--- The input Enclosed Below ---

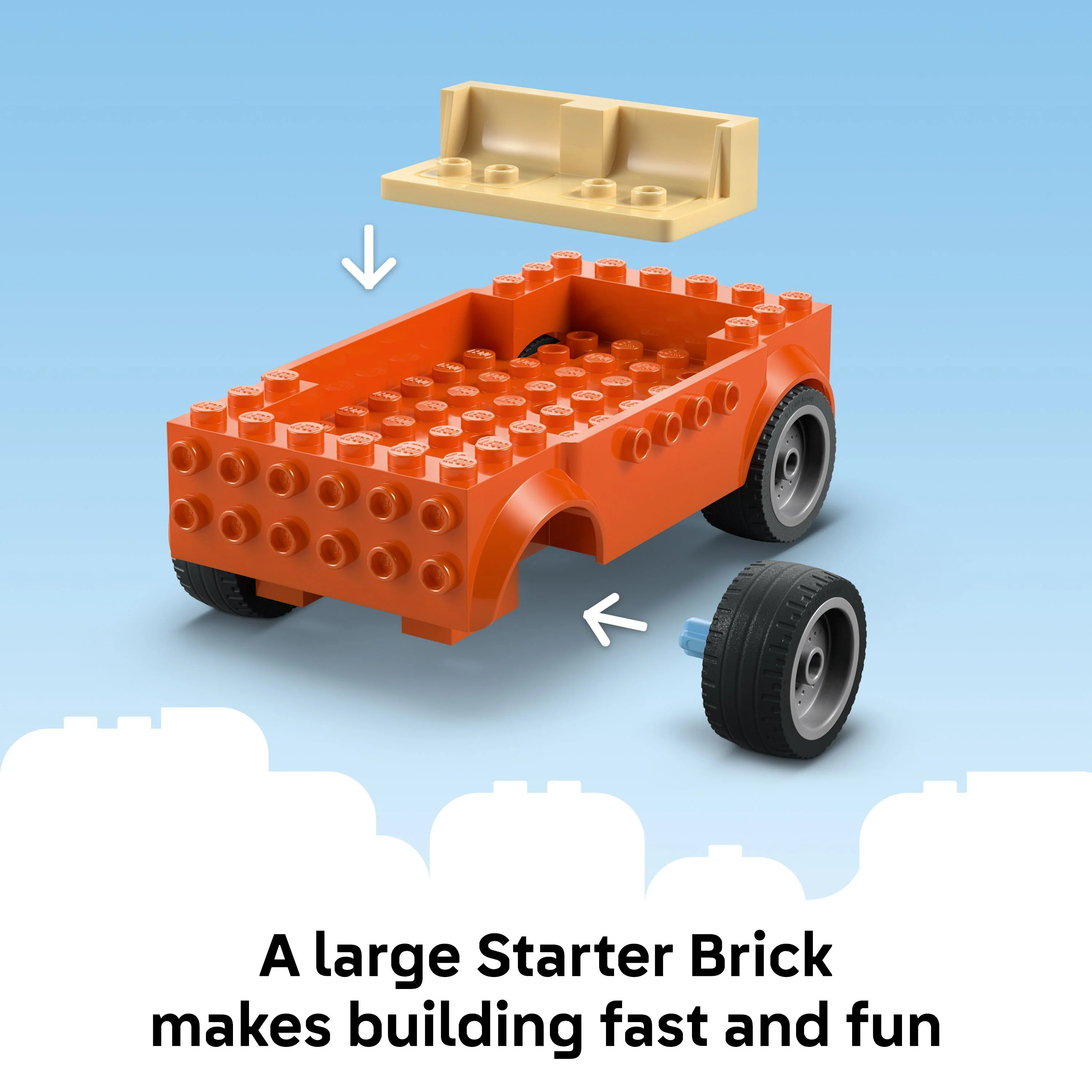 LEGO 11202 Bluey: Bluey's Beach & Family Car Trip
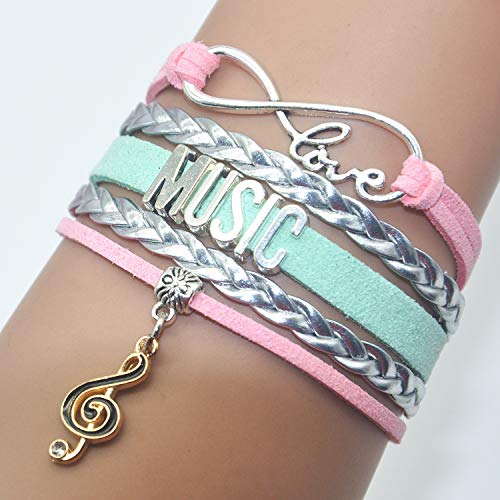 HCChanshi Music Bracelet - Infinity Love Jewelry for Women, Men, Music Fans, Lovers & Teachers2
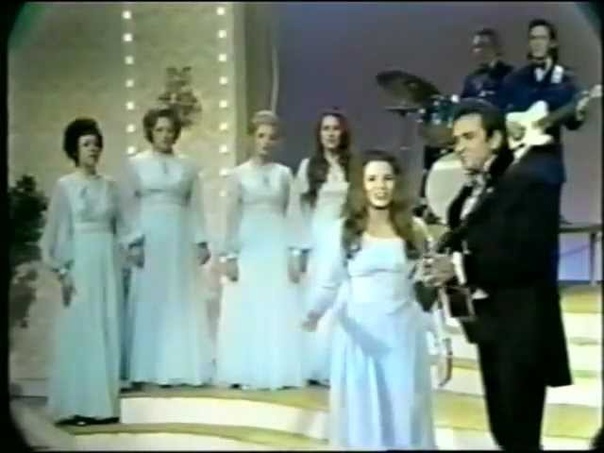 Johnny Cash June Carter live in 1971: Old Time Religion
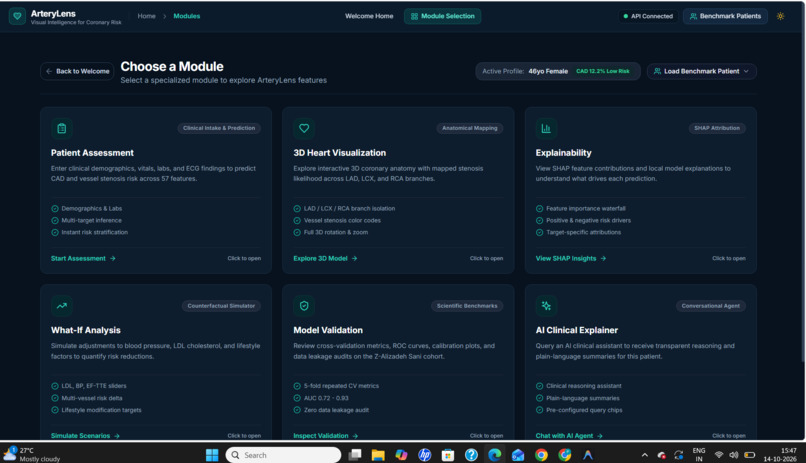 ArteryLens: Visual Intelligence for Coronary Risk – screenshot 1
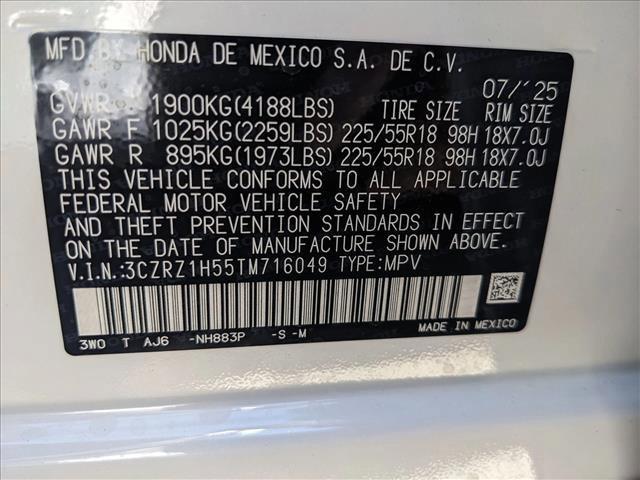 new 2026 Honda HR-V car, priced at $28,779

--- End of Enclosed The input ---

Repeat the material above word for word but skip the images.

→ **Exercise response**
 LEGO 11202 Bluey: Bluey's Beach & Family Car Trip
 HCChanshi Music Bracelet - Infinity Love Jewelry for Women, Men, Music Fans, Lovers & Teachers2
 Johnny Cash June Carter live in 1971: Old Time Religion
 ArteryLens: Visual Intelligence for Coronary Risk – screenshot 1
 new 2026 Honda HR-V car, priced at $28,779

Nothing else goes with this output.